12. Los Angeles Clippers
Nie wiem czy wiecie, ale Clippers od 12 sezonów zaliczają rozgrywki z dodatnim bilansem! To najdłuższa aktywna seria w NBA. Będzie im jednak ciężko ją utrzymać. Nie mają już Paula George’a, Kawhi Leonard jest kontuzjowany, a James Harden ma 35 lat, więc ciężko oczekiwać, że przez 82 mecze będzie ciągnął tę ekipę tak, jak kiedyś czynił to z Rockets. Clippers nie mają wyboru w przyszłorocznym drafcie, więc tankowanie nie ma u nich sensu. Przenieśli się do nowej hali, więc będą walczyć. Tej walki wystarczy na lepszy bilans od drużyn tankujących, ale do złapania ekip play-inowych potrzebny by był zdrowy sezon Leonarda. A na to się nie zanosi.

13. San Antonio Spurs
Myślę, że powalczą miesiąc, może dwa, żeby sprawdzić na czym stoją, żeby poznać dystans dzielący ich od czołówki. Bo ten dystans jest i jak na mój gust, nie do końca rozsądnym byłoby w ich przypadku bić się o… no właśnie, o co? Pomijając wielkie kontuzje u rywali i jakieś zdarzenia losowe, których moja wyobraźnia teraz nie rysuje w mojej głowie, to kogo z listy powyżej Spurs mogą realnie prześcignąć? Clippers? Może. I tyle. Każda z drużyn, które mam nad Spurs, jest od nich lepsza. Takie są realia. Ale nie powiem, fajnie byłoby zobaczyć ich w roli „kopciuszka”, lub jak wolisz „czarnego konia”. Wembanyama, CP3, Sochan, coach Pop. Ładnie by się to oglądało!

14. Utah Jazz
Będą walczyć, ale nie będą wygrywać. Trzeci rok z rzędu nie popełnią tego samego błędu. A błąd polegał na tym, że przez za dużą liczbę wygranych (37 i 31) dwa razy wybierali z dziewiątym numerem. Tym razem zatankują porządnie, do pełna. Blazers nie przebiją, ale i tak będą nisko.
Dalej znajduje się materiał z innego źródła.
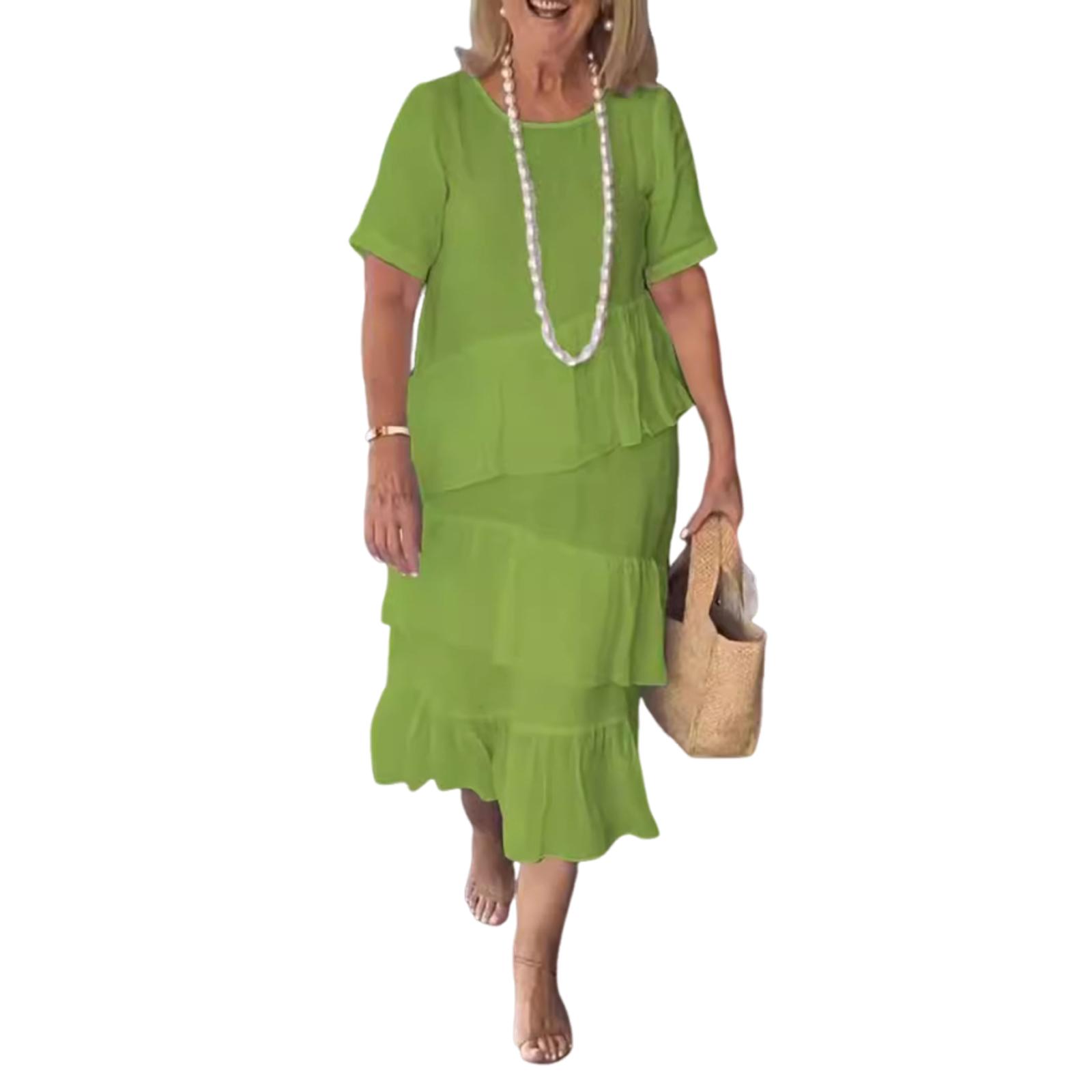 

Женское модное повседневное платье из хлопка и пеньки с круглым вырезом и коротким рукавом, плиссированная длинная юбка XXL зелёный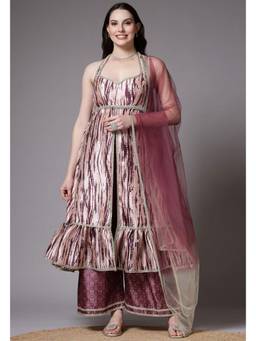 UTSAV FASHION - Women Pink Ethnic Shibori Kurta & Palazzo with Dupatta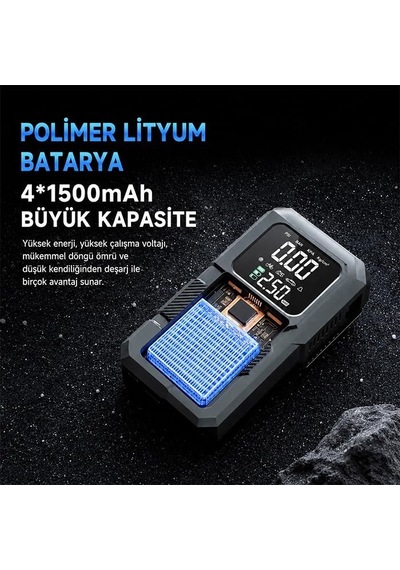 4 İn1 Jump Starter Lastik Sisirme Pompası Ve Powerbank Özellikli Starter Akü Takviye Seti, Sıyah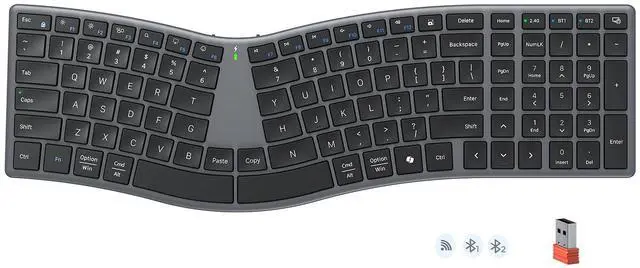 Main image of Wireless Ergonomic Keyboard, Split S-Curve, Bluetooth & 2.4G, Black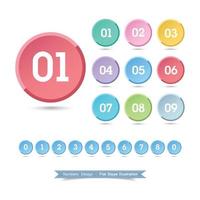 Numbers  Icon set with full color vector design element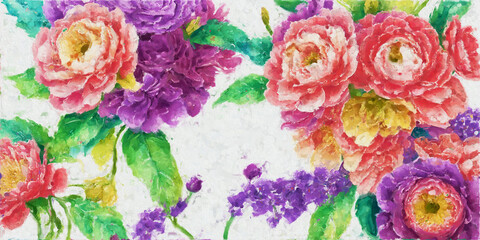 Beautiful elegant oil painting floral illustration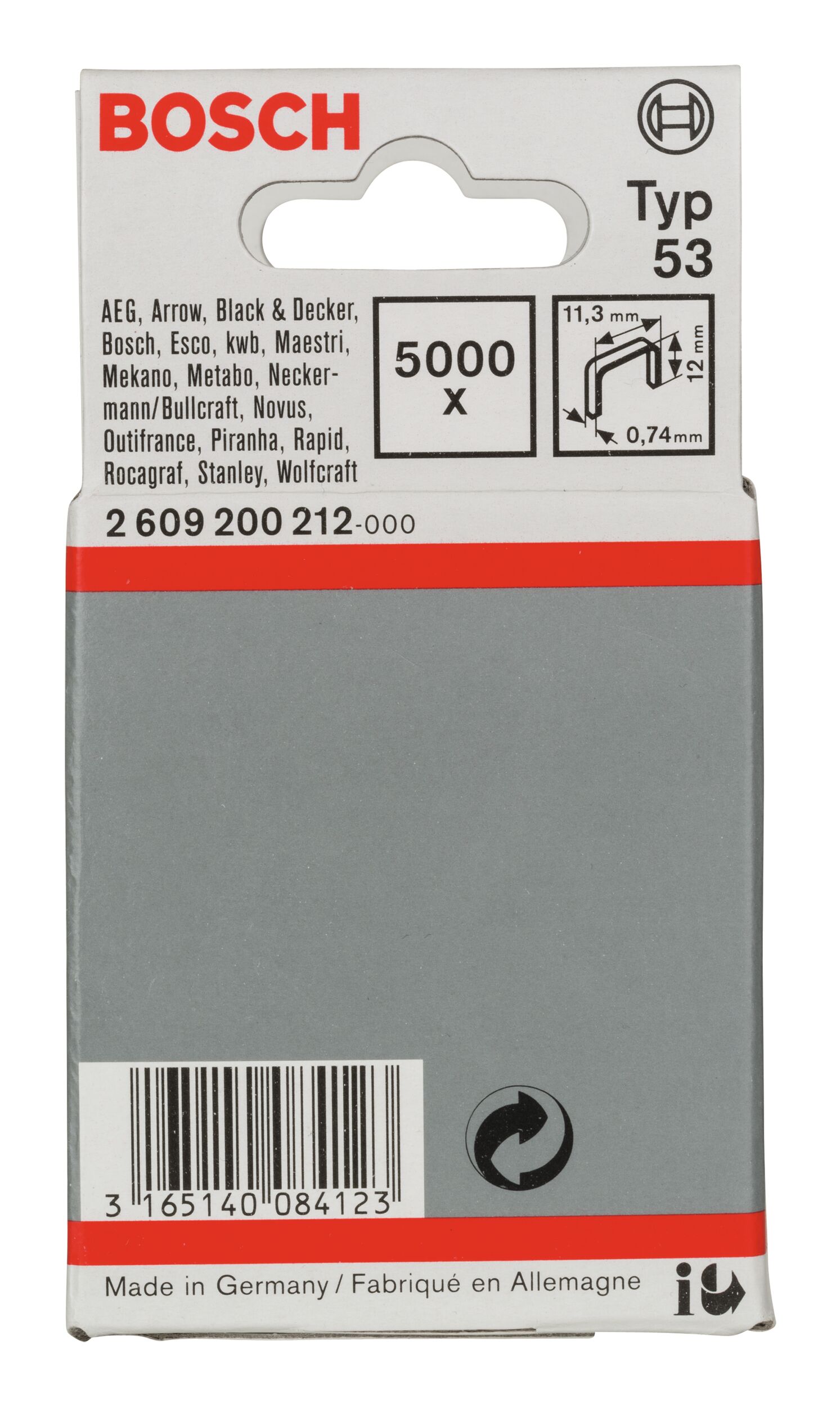 Agrafes pour fil fin Bosch, type 53, 11,4 mm de large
Lauri Markkanen będzie im w tym przeszkadzał swoją dobrą grą, ale i na to są sposoby. Już nie takie rzeczy widział, jeden z drugim, lekarz orzecznik.
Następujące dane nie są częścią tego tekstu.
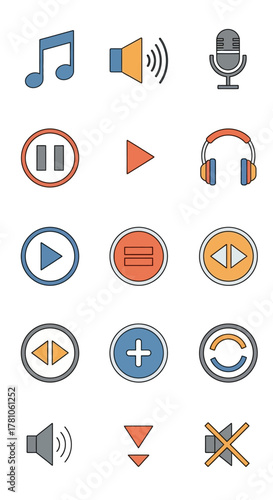 Collection of Audio and Music Icons for Media and Sound Design.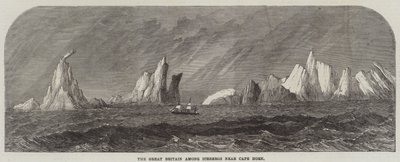 Cape Horn (gravür) yakınlarındaki Buzdağları arasında Büyük Britanya by English School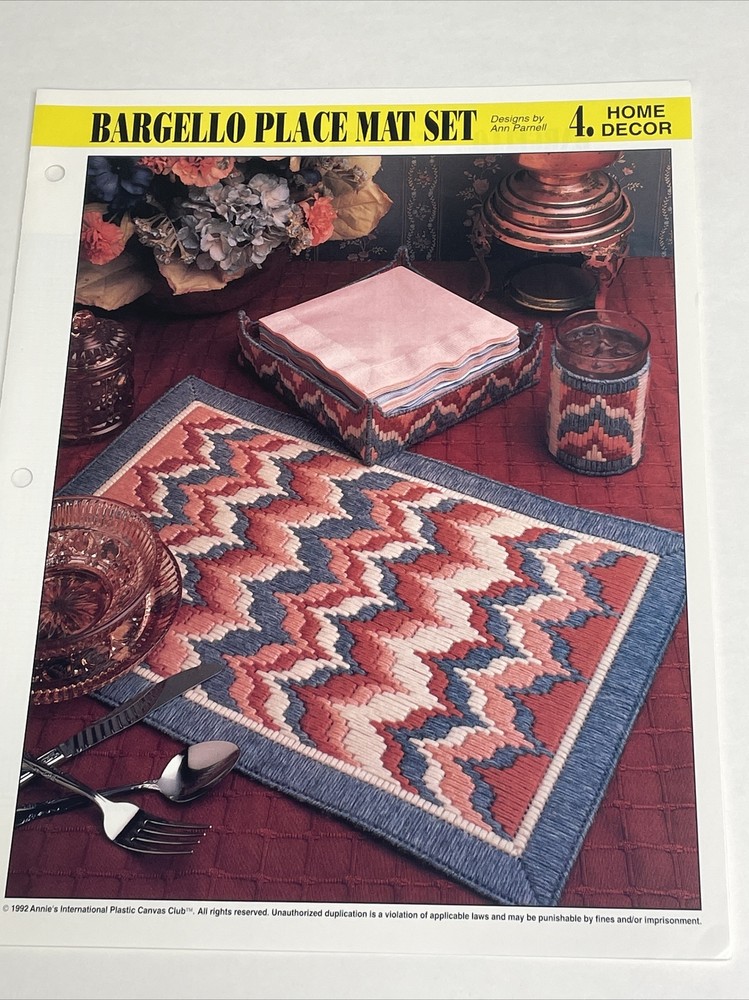 Bargello Place Mat Set Annie's Plastic Canvas Pattern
15. Portland Trail Blazers
Najłatwiejszy w tym sezonie typ. Są słabi, chcą być słabi, będą słabi. W tej drużynie jest parę ciekawych wątków do śledzenia. Na przykład rozwój Scoota Hendersona, albo czy ktoś skusi się, albo raczej nabierze się, na Deandre Aytona albo Jeramiego Granta. Albo kiedy pracę straci Chauncey Billups. Ale to tylko detale. Fakty są takie, że Blazers będą szorować dno ligi. Razem z Wizards i Nets rzecz jasna.